» Task goal
The expected answer is a bare count of the lines in the data below that contain "with".

(Dataset excerpts)
——————

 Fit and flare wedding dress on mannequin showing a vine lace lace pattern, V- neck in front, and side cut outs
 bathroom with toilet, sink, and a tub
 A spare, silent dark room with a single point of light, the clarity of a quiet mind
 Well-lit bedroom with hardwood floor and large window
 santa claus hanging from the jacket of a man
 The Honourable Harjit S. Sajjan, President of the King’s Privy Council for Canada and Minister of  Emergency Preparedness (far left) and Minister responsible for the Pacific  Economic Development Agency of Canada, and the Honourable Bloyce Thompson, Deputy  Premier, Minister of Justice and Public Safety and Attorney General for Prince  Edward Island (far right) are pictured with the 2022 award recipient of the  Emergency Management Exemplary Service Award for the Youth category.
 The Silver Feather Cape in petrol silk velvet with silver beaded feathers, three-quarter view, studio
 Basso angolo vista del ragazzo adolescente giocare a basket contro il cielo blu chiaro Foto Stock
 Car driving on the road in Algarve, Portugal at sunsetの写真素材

——————

» Reply to the task
5